The biggest issue, is the massive amount of overhead system and time it takes to manage all that. The totality of it all is staggering. From raw parsing of log files, to code, to server setup, to managing it all takes an inordinate amount of time. It is very easy to make mistakes in all that. (like the time we banned New Zealand visitors because we banned the big ISP's proxy server there) Our site is here for the members - not the rogue bots.

Barry: On that note; almost all the big names in the industry were shocked that you would take this action. They pretty much laughed that you thought you wouldn't be delisted within 30 days, let alone 60 days. Danny Sullivan said;

Brett figures he's got 60 days until pages drop from places like Google to get an alternative search solution in place. That seems optimistic to me. WebmasterWorld is a prominent site and should get getting revisited on a sub-daily basis. If search engines are hitting that robots.txt ban repeatedly, they ought to be dropping those pages in short order, or they aren't very good search engines. I mean, can you imagine the irony of Google and Yahoo getting pilloried on WebmasterWorld for taking so long to drop pages after they were told to do so after the ban was put into place.

Search experts like DaveN, Oilman, SEGuru and others all felt the same way. Why did you really feel it would not happen so fast?

Brett: It has been over 180 days since we blocked GigaBlast, 120 days since we blocked Jeeves, over 90 days since we blocked MSN, and almost 60 days since we blocked Slurp. As of last Tuesday we were still listed in all but Teoma. MSN was fairly quick, but still listed the urls without a snippet.

Google will hang onto a site up to 90 days after you put up a robots.txt ban. Even if the site is completely unreachable, we have seen sites still listed as url only sites up to six months later. It is only via the Google url removal utility where that process will be faster. It is a feature I had not used on Google in many years, and completely overlooked it.

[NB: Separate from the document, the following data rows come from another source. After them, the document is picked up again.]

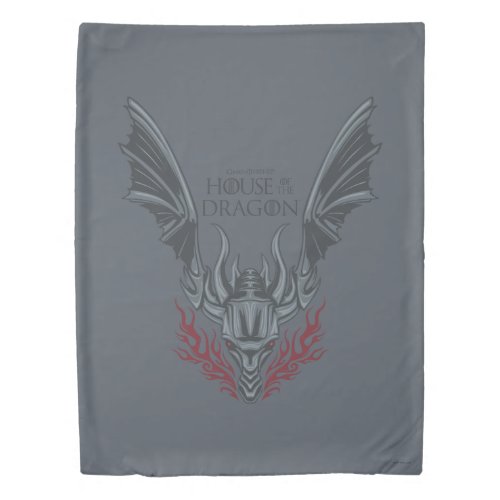 HOUSE OF THE DRAGON  Fire_Breathing Dragon Head Duvet Cover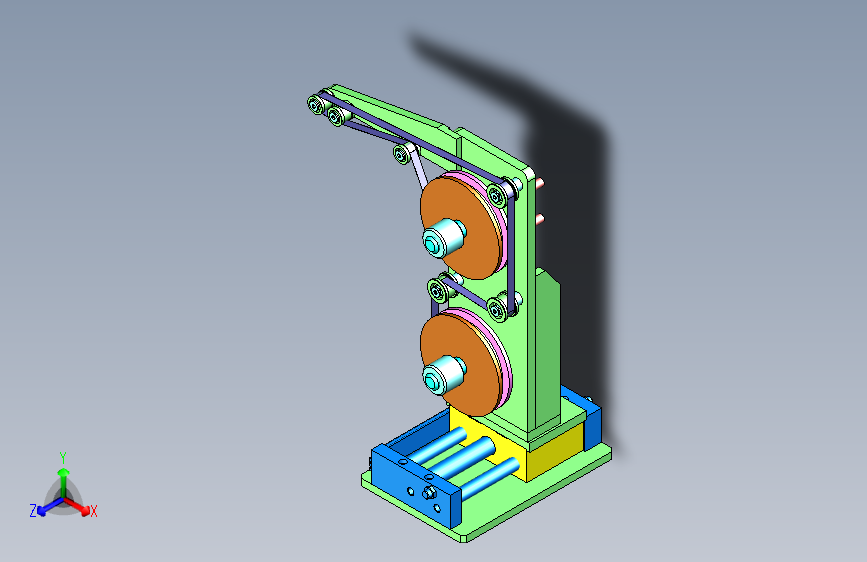 果苹手机产品涂UV胶机器3D图纸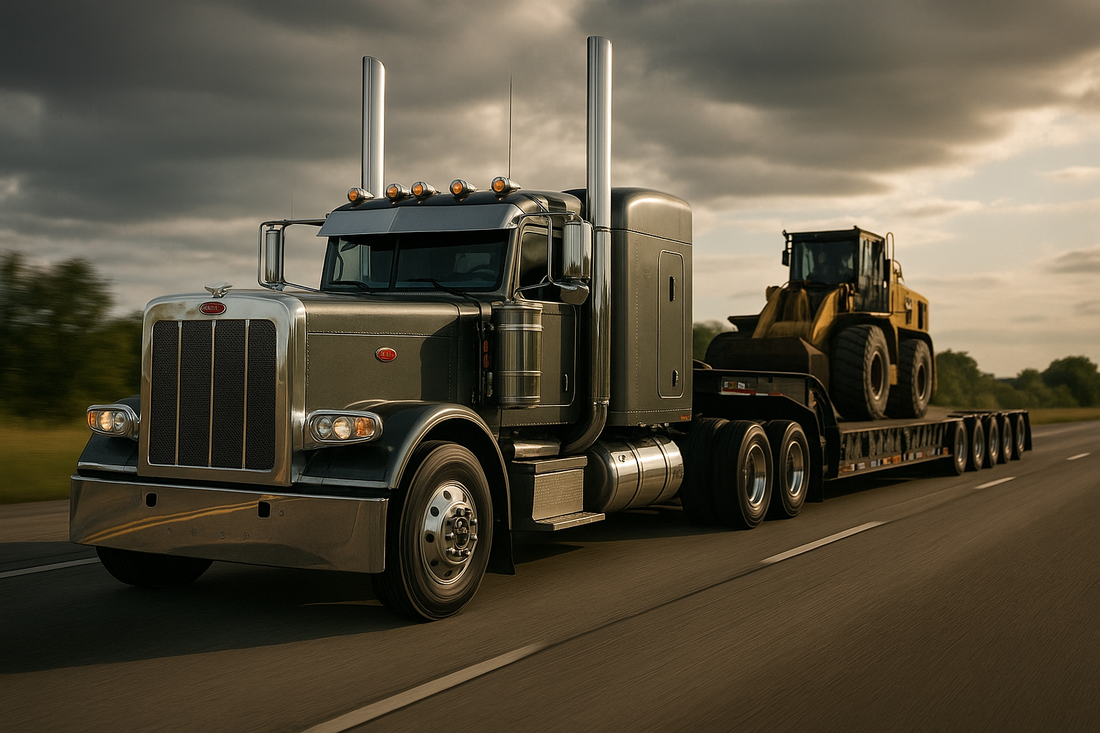 can you make the trailer a low boy and the exhaust pipe straight and 8 inch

Barry: Also in that summary thread, listed above, you expressed your frustration with the engines for "changing a perfectly good and accepted internet standard." Can you expand on that, and what steps you think they should take to get the robots.txt syntax the way it should be for 2005?

Brett: Without webmaster input, changing the robots.txt standard only encourages others to also play with the standard. Of the offline browser bots I looked at from Tucows, the majority of them can be set to ignore robots.txt. Why, because the standard has not been appreciated, endorsed, or adhered to by the engines as will as well as by the offline browser or site ripper programmers. The engines have fostered an era of robots.txt disrespect.

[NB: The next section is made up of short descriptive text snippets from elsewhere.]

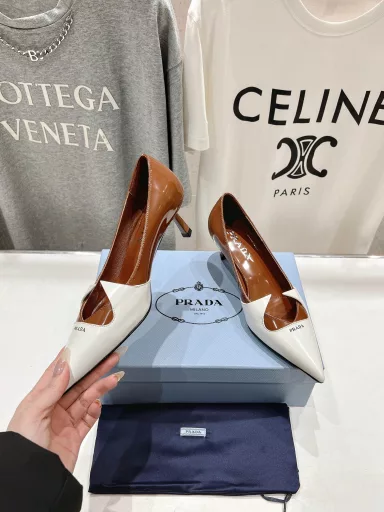 Prada 25ss new spring and summer Mary Jane pointed high heels single shoes fashion shoesOriginal purchase 1:1 development, perfect details, comfortable to wear, can be matched with spring and summer beautiful accessories, exquisite and durable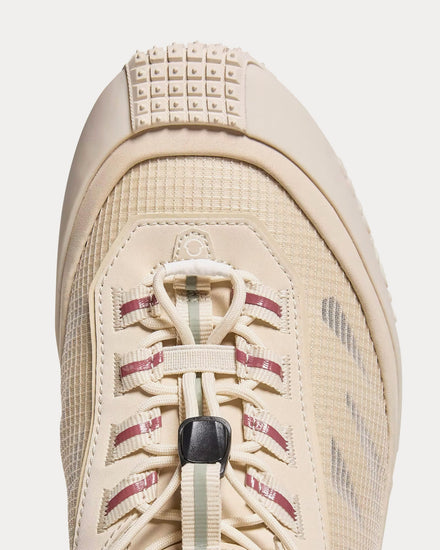 Moncler Trailgrip LP Suede & Nubuck Light Beige Low Top Sneakers - 5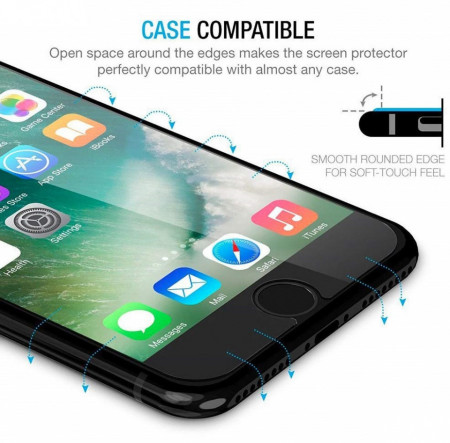 Folie de sticla case friendly Apple iPhone 7 Plus/8 Plus, Elegance Luxury transparenta - Img 4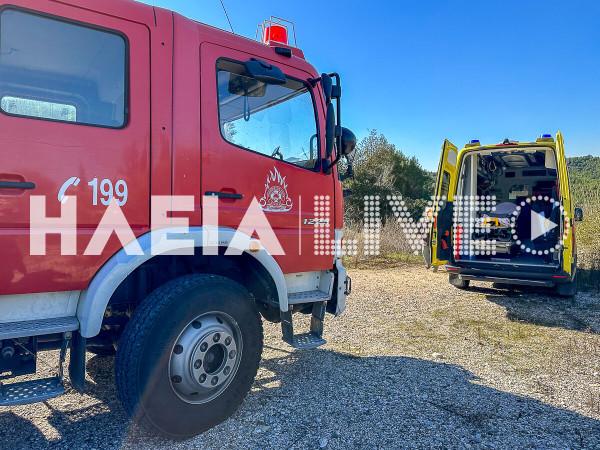 Κουτσοχέρα: Φωτιά σε τρακτέρ μεταδόθηκε σε λιοστάσι - Τραυματίας ο οδηγός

The engines changing the standard to suit their own needs, is exactly the same as Netscape and Microsoft playing around with the HTML standards during the browser wars. Only by adhering and endorsing standards can we together keep the net from becoming more chaotic than it is now. The enormity of what a webmaster has to already know is already too much for one person. The last thing the internet needs is every big search engine coming out with it's version of robots.txt standard. We need them to support the standard or form an open commission of theirs and our peers to come up with a new one (Which I have been endorsing for 5 years).

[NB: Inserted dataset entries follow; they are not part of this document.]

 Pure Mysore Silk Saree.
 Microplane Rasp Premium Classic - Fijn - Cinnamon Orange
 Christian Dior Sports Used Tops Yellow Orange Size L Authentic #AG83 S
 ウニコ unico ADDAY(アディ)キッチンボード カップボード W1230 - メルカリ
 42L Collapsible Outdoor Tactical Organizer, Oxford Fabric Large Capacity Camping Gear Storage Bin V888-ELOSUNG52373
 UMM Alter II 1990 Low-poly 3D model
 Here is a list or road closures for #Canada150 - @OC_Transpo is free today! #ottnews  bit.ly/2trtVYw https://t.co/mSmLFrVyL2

That said, as the author of the first robots.txt validator in 1998, I do take the standard very seriously. Hardly a day goes by when I don't get a email from someone asking why their robots.txt with an "Allow" line was marked as bad by the robots.txt validator.

Barry: Due to the fact you are an SEO expert, people came up with wild theories as to why you really did this. Some people said you were banned for cloaking. Some people said that you had a crazy PR stunt in mind. One PR stunt was that the search engines were coming out with a uniform site submission tool and you wanted to be the first to use it. Others said that you wanted to show the search engines that you do not need them. I am sure you heard of many other theories. Which do you find the most funny? Which do you find the most outrageous? And how would you respond to some of them?

Brett: I often forget the scale of how huge WebmasterWorld has become and how many people look to us on issues like this leadership. I have given up trying to disabuse people of notions to contrary why we do things. Not every hat is tin foil and not every helicopter black.

> Some people said you were banned for cloaking.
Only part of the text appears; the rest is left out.